Good representations are important: if your representation of the data is appropriate for the problem, it can become easy.

For example, see the figure below: in Cartesian coordinates, the problem isn’t linearly separable, but in polar coordinates it is. The polar representation is more useful for this problem.

Unfortunately, good representations are hard to create: eg if we are building a car detector, it would be good to have a representation for a wheel, but wheels themselves can be hard to detect, due to perspective distortions, shadows etc.!

The solution is to learn the representations as well. This is one of the great benefits of deep learning, and in fact historically some of the representations learned by deep learning algorithms in minutes have permitted better algorithms than those that researchers had spent years to fine-tune!

Good representations are related to the factors of variation: these are underlying facts about the world that account for the observed data. For instance, factors of variation to explain a sample of speech could include the age, sex and accent of the speaker, as well as what words they are saying.

Unfortunately, there are a lot of factors of variation for any small piece of data. How do you disentangle them? How do you figure out what they are in the first place?

The deep learning solution is to express representations in terms of simpler representations: eg a face is made up of contours and corners, which themselves are made up of edges etc.. It’s representations all the way down! (well, not really).

Below is an example of the increasingly complex representations discovered by a convolutional neural network.

There is another way of thinking about deep network than as a sequence of increasingly complex representations: instead, we can simply think of it as a form of computation: each layer does some computation and stores its output in memory for the next layer to use. In this interpretation, the outputs of each layer don’t need to be factors of variation, instead they can be anything computationally useful for getting the final result.

Meaning of “Deep”

How deep a network is depends on your definition of depth. There is no universal definition of depth although in practice many people count “layers” as defined by a matrix multiplication followed by an activation function and maybe some normalization etc.. You could also count elementary operations in which case the matrix multiplication, activation, normalization etc. would all add to the depth individually etc.. Some networks such as ResNet (not mentioned in the book) even have a notion of “block” (a ResNet block is made up of two layers), and you could count those instead as well.

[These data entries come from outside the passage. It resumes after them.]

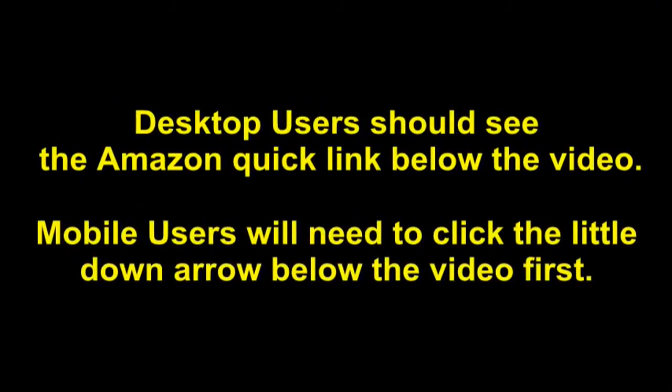Desktop users should see the Amazon Quick link below the video. Mobile users will need to click the little down arrow below the video first.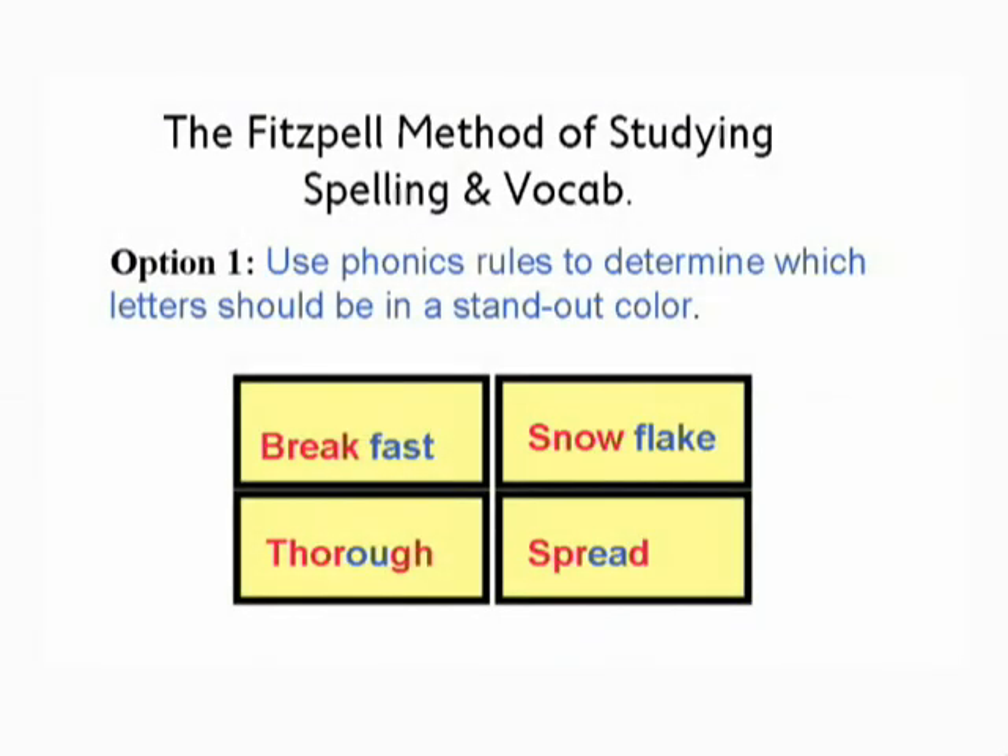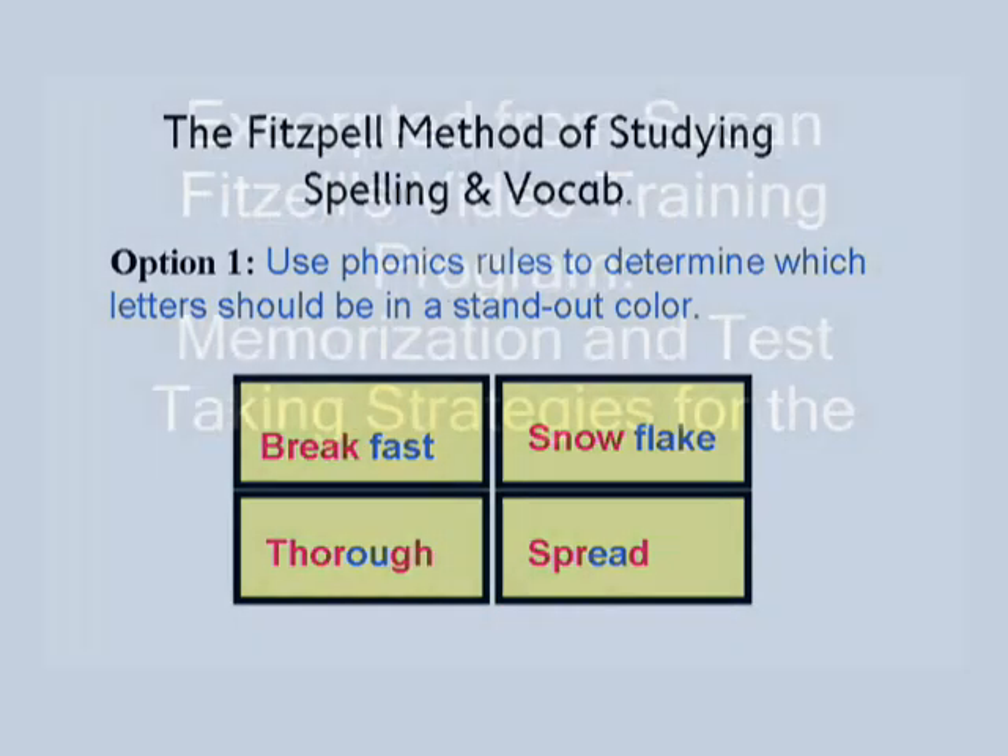Have them put the phonics rule you're learning that week in a different color so it stands out. If I'm doing compound words, one half of the compound word is going to be in a different color. If I'm using the OU rule this week, 'OU' is going to be in a different color — same with the 'A.' When I make my flashcards, I've got the phonics rule highlighted in a different color.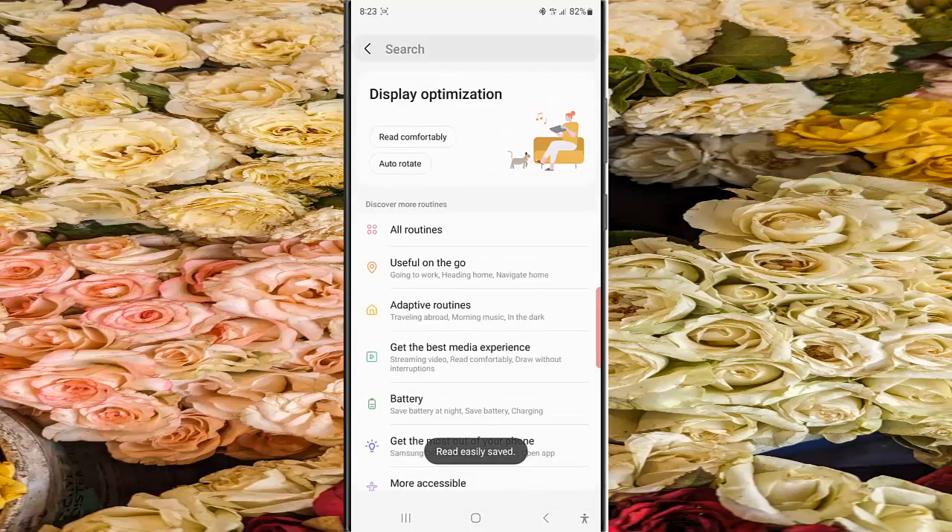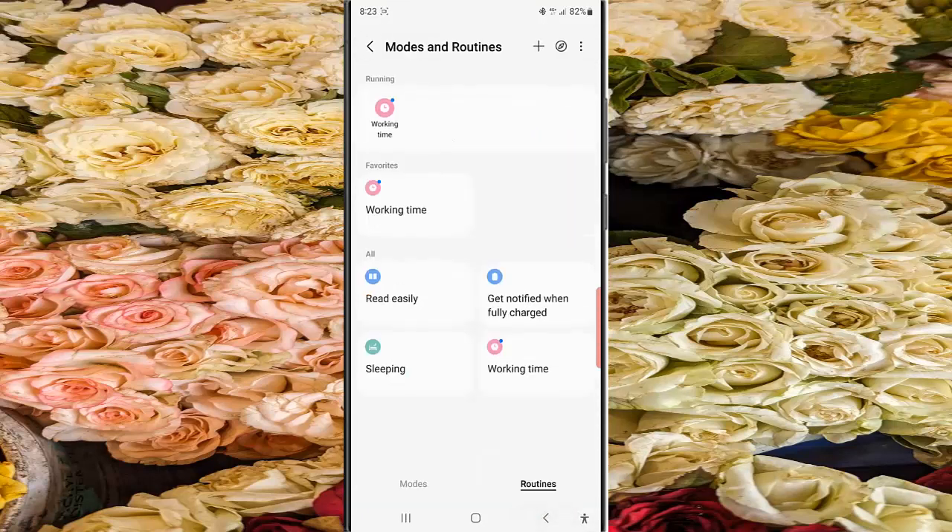Go back to the Routines screen to see that the selected routine has been added. From now on, when you open the Chrome browser app, the Read Easily routine will be enabled and your phone will automatically apply the color filter feature settings to let you read text more easily.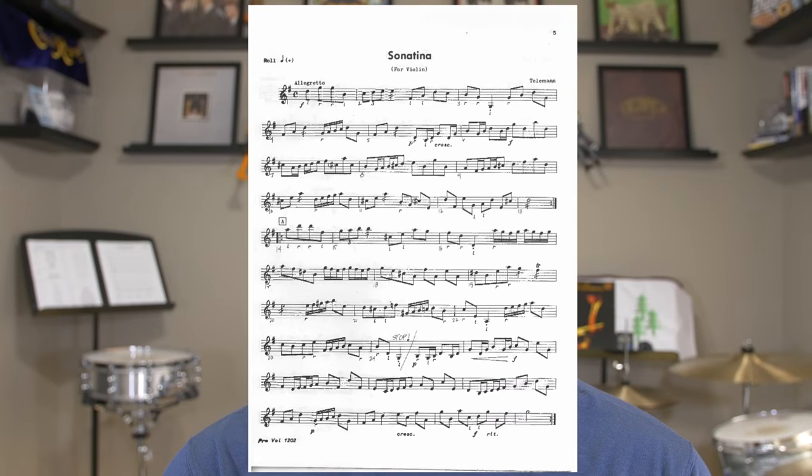The etude we're going to be talking about today was composed by Thielemann. It's actually Sonatina Number One for violin and piano. Something I highly suggest when you're learning a classical piece such as this one is to try to find a recording of the piece performed on the original instrument it was intended for. In this case, this piece was written originally for violin, and after looking around I did find one video here on YouTube of someone performing this piece on the violin — you can find a link for that down below. You can also find many recordings of this piece across all different types of music platforms available today.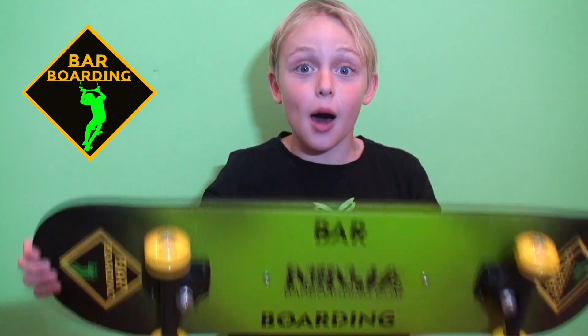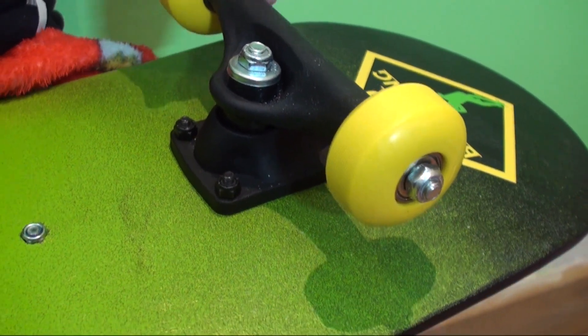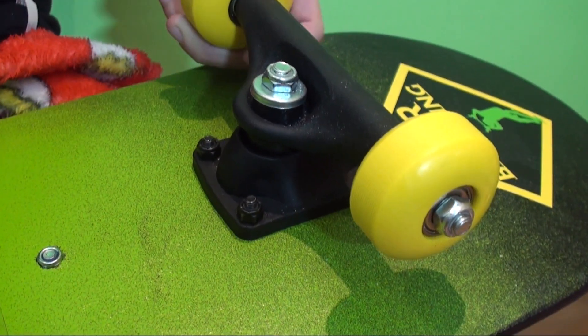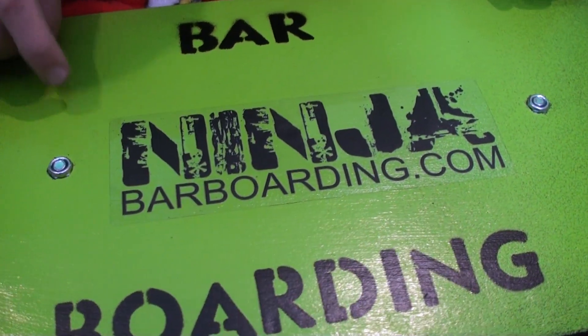That's not all — I'm giving you a barboard. This is not just any board; it's got a super nice grip, a handle, and super good tracks for gnarly sliders and carving. This is the ninja board.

The book also mentioned that yet another definition of depth is the depth of the graph by which concepts are related to each other. In this case, you could move back from complex representations to simpler representations, thus implicitly increasing the depth. Their example is that you can infer a face from, say, a left eye, and from the face infer the existence of the right eye. To be honest I don’t fully understand this definition at this point. According to the book it is related to deep probabilistic models.

History

Deep learning is not a new technology: it has just gone through many cycles of rebranding!

It was called “cybernetics” from the 40s to the 60s, “connectionism” from the 80s to the 90s and now deep learning from 2006 to the present. The networks themselves have been called perceptrons, ADALINE (perceptron was for classification and ADALINE for regression), multilayer perceptron (MLP) and artificial neural networks. The most common names nowadays are neural networks and MLPs.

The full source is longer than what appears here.